Thoughts have moral value; “The thought of foolishness (silliness, frivolousness, folly, and perverseness) is sin” (Pr. 24: 9), and “The thoughts of the wicked are an abomination to the Lord” (Pr. 15:26). When no act of evil has been committed the thought of evil makes one a sinner before God. (See Mt. 5:28).   Someone said, “If you’re ashamed to do it before men you should be ashamed to think it before God.”

Thoughts have moral power and shape our morality and character. Therefore they bear fruit and have their reward; “I will bring evil upon this people, even the fruit of their thoughts” (Jer. 6:19) and, “Then they that feared the Lord . . . that thought upon his name . . . shall be mine . . . spared” (Mal. 3:16, 17).

Science credits the brain as the source of our thoughts but the Bible gives our heart (our spiritual being) as the source (Mt. 15:18, 19; Pr. 4:23, 23:7 et al.).  The brain is the bridge that spans the gap between the spiritual and physical.  The heart secretes its thoughts into the brain and the brain articulates the thoughts of the heart and turns them into words and deeds.   As a generator transforms the power of a river into electrical power and sends it into our home, the brain takes spiritual power and transforms it, in compliance to our will, into physical power and sends it to the tips of our fingers and tongue in the form of words and actions.  Everything physical has a spiritual source.

This is how our inner man creates our outer world, society, our culture.  It’s created as a result of our thought life and world view that we live by.  Society is a reflection of the state of the heart of the general public.  As all rivers flow into the sea, so all philosophies, and world views flow from individuals to the masses and influence the world for good or evil.  And the world we have made is not very pretty.  Something’s terribly wrong inside man.

This something is a sin nature.  Man is void of the indwelling Christ, Who is received at the moment of repentance and faith in Him.  The Christian is indwelt by Christ, and if his thought life is right, and he has the “mind of Christ,” he will be the salt and light in a corrupt and dark world.  Victory through Christ’ lordship will be seen in his practical life if Christ is Lord of his thought life (II Cor.10:5).

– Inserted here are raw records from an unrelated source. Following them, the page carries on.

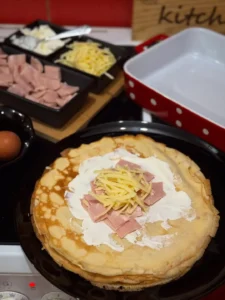 Mazanje palačinke pavlakom i slaganje šunke i sira prije motanja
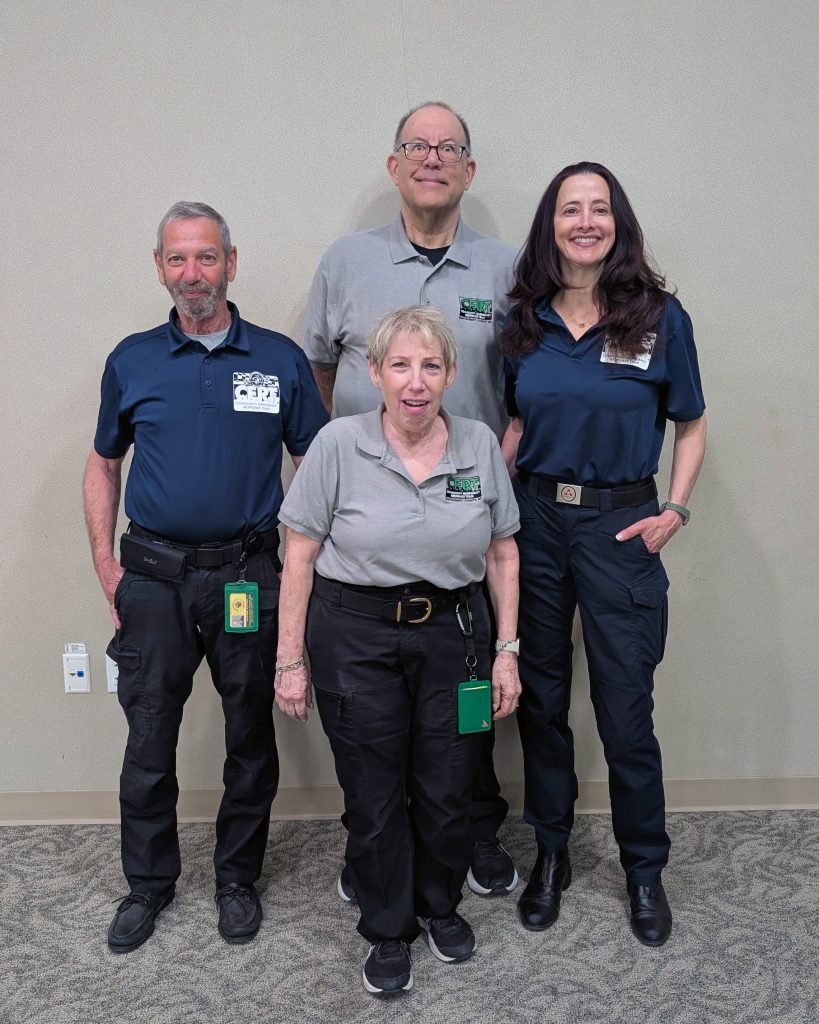 Four members of the newly elected Montgomery County CERT Board of Directors for 2026–2027 pose together indoors wearing CERT uniforms.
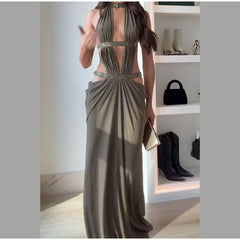 Woman wearing a long, elegant dress with a shelf of shoes and bags in the background.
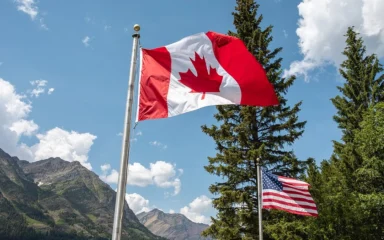 Canadian and U.S. flags flying near the Peace Park Pavilion at Glacier National Park.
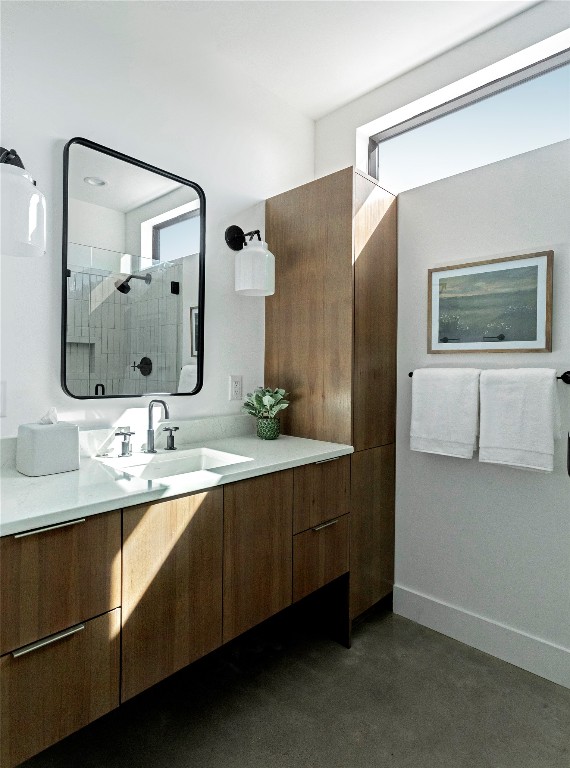 9361 Highway 290, Unit 118 Hye, TX 78635 - Photo 26 of 38 a bathroom with a double vanity sink and mirror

The all-important and life changing question is still, “What think ye of Christ?” (Mt. 22:42).

Thought

When the mystery of the power of thought dawns upon us,
That strange awakening when the mind is first used,
When we first came to realize that we could think;
Not when our minds first had thought,
But when a willful thought was deliberately conceived.
It is then that the mind is quickened,
By the power of a single point of spiritual light,
And the thought life begins to take form
As the intellectual life is energized,
By an ideal to which it will conform.
Soon thereafter with our thoughts we learn to reason
And we can form a train of thoughts,
The old process that we call thinking,
A point of view or a one track mind,
Something we accomplished all by ourselves.
As sunlight spreads on the eastern horizon,
And ranges out and up across the morning sky,
Through the clouds its light is dulled and filtered,
Creating shades and shadows where the woods
Are barely distinguished in the midday shroud.
So is our thinking when at first it dawns upon us
Like a novelty we let it range o’er many things
Pursuing so many frivolous, foolish, fairies,
Having vain thoughts that are shallow and useless.
Or as the sunlight pierces through the cloud
With a concentration of a beam of brilliant light,
Directing its light and arresting our attention
To some pleasant and beautiful sight
Like a bed of scarlet roses crowning a far verdant hill.
So we must concentrate our thoughts on pure and noble things,
And we must give them our fullest attention,
As we silence every noise and ignore distractions,
As with our thinking we work to mold our man.
For our life is made of the thoughts we think.